I am incredibly lucky in that Seth and I have a few things working in our favor:
1. Seth and I both put our relationship first. He doesn’t take sides with the kids and we discuss all disciplinary decisions or family communication issues with each other. We also listen to each other without reacting defensively. This is critical and from many of the comments on Amazon is appeared the step-mothers did not have support from their husbands. I can’t even imagine having a husband who bows down to the kids demands out of guilt for re-marrying or one who can’t communicate about these issues, because they are huge issues.
2. We understand that we can’t expect the other to love our children as much or in the same way as we love our own. It’s just not possible and I think anyone who expects a significant other to miraculously wake up feeling this way about step-children is digging their own relationship grave. It’s unrealistic.
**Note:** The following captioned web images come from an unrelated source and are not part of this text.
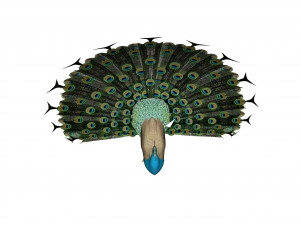 peacock 3D Model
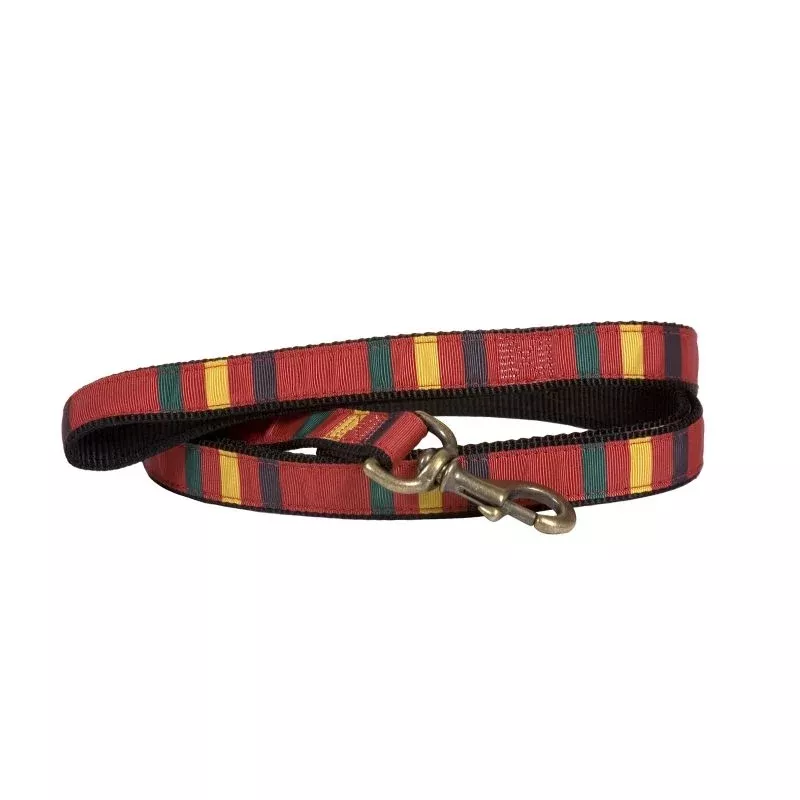 Pendleton Hiker Rainier Dog Leash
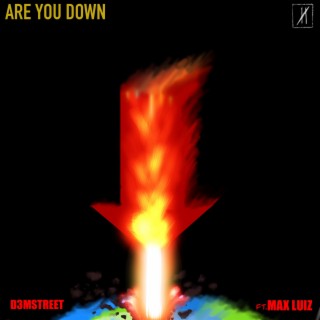 Are You Down ft. Max Luiz lyrics | Boomplay Music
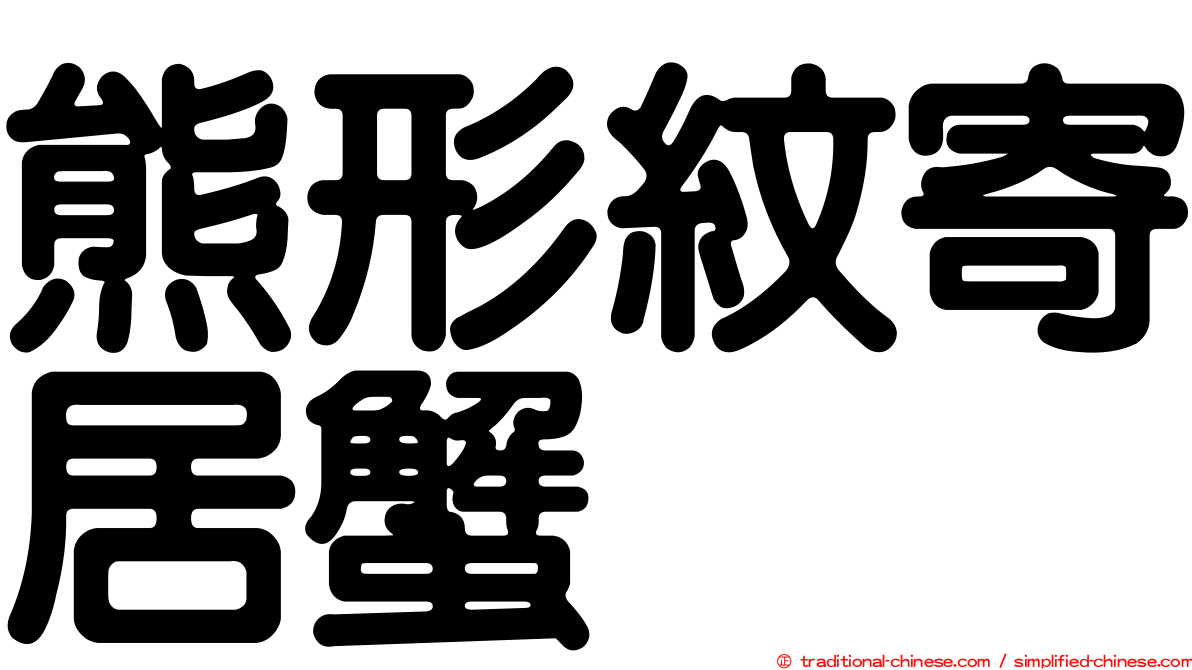 熊形紋寄居蟹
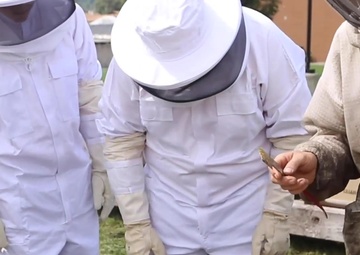 Mountaineer ChalleNGe Academy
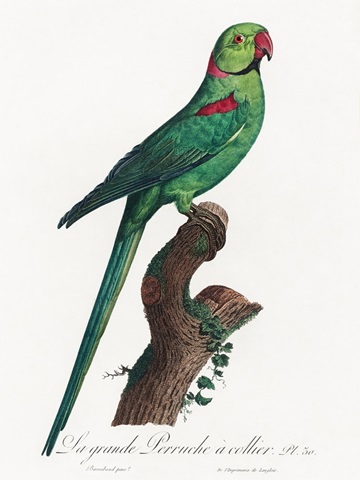 Levaillant Parrot VII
3. The children were young when we met. Cohen was five and Lily was six. I can’t imagine marrying a man with teenagers.
So far, for me, the biggest challenges of being a step-mother are:
- Adjusting to the sudden presence of three children, not just one.
- Dividing my time between all three, they do crave and demand my attention in their own way
- Handling the fact that Benjamin and I are outnumbered by Seth, Lily and Cohen. I am very sensitive to Benjamin’s experience as well and may overreact when I think Lily or Cohen are picking on him or at him.